Al poco, vio a la mujer que se acercaba con un niño de corta edad a la guardería y al asesino apostarse en una esquina observando toda la escena. Cuando la mujer salió, él la siguió por el callejón y Casandra fue detrás. Lo primero que hizo Casandra fue correr hacia él, y con un ágil movimiento le quitó el arma oculta en los bolsillos de la chaqueta y diluyó la pistola, convirtiéndola en un millar de bolitas de plomo que se desparramaron por la acera, ante los ojos incrédulos del hombre. 

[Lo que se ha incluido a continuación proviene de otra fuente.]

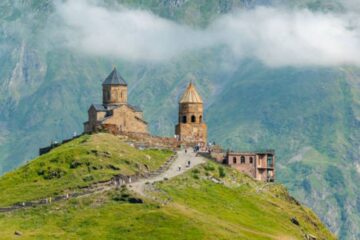 Kazbegi National Park_ A Natural Wonderland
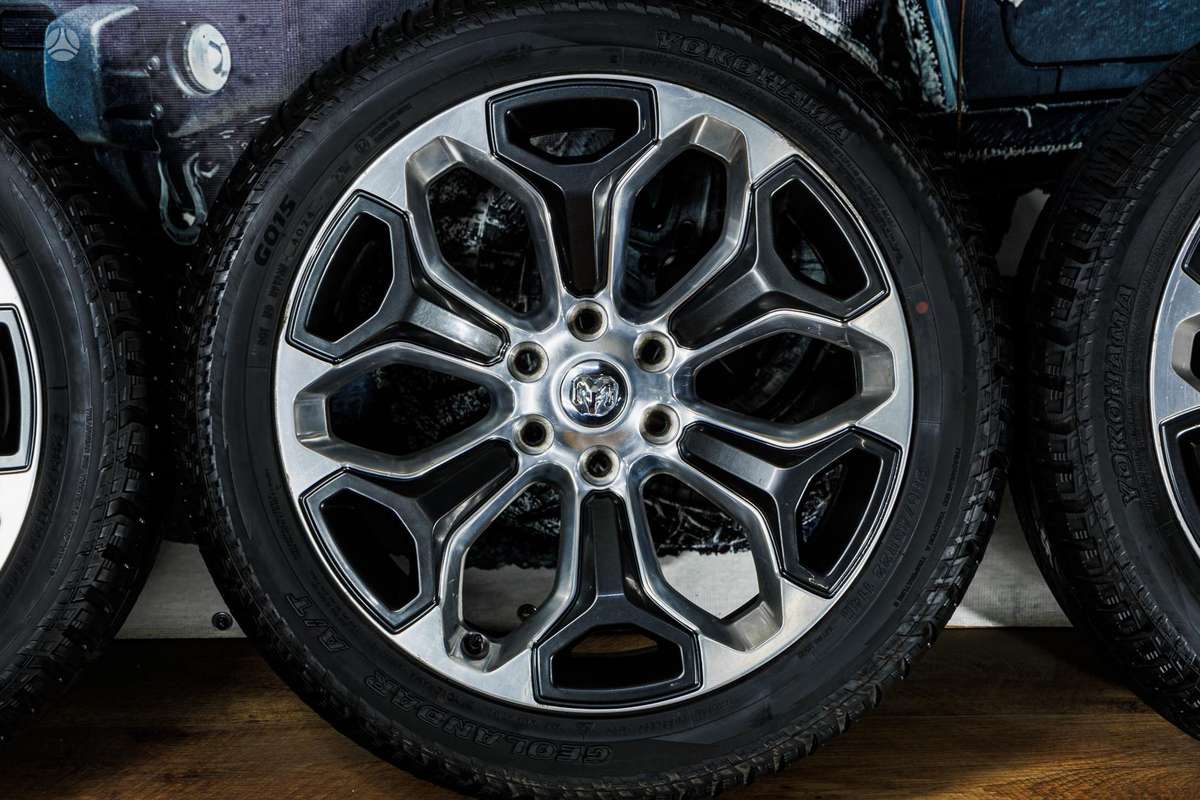 Dodge Ram, легкосплавные , R22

- Mira, no la vas a matar. Ni ahora ni nunca. Desaparece. 


El imbécil todavía se retorció con una mueca de desprecio. 


- Igual todavía no has visto lo suficiente. 


Y directamente lo elevó a las alturas y lo hizo perderse entre las nubes. Pensó: más dura será la caída. Casandra corrió detrás de la mujer. En el bar le pasó una nota con direcciones de ayuda psicológica y una simple frase: él no te volverá a molestar más. Cuando Casandra decidió que la nevera de las tartas era una puerta estupenda para volver al Mundo Interior - qué ganas tenía de poder dedicarse de lleno a la investigación - , y mientras marcaba el código de su departamento, todavía pudo ver a la mujer irrumpir en sollozos, sintiendo una esperanza, un renacer, una catarsis de miedos y emociones, que se elevaba por encima del techo de la cafetería y mucho más allá. 


Buen trabajo, Cassandra. Ahora, a estudiar.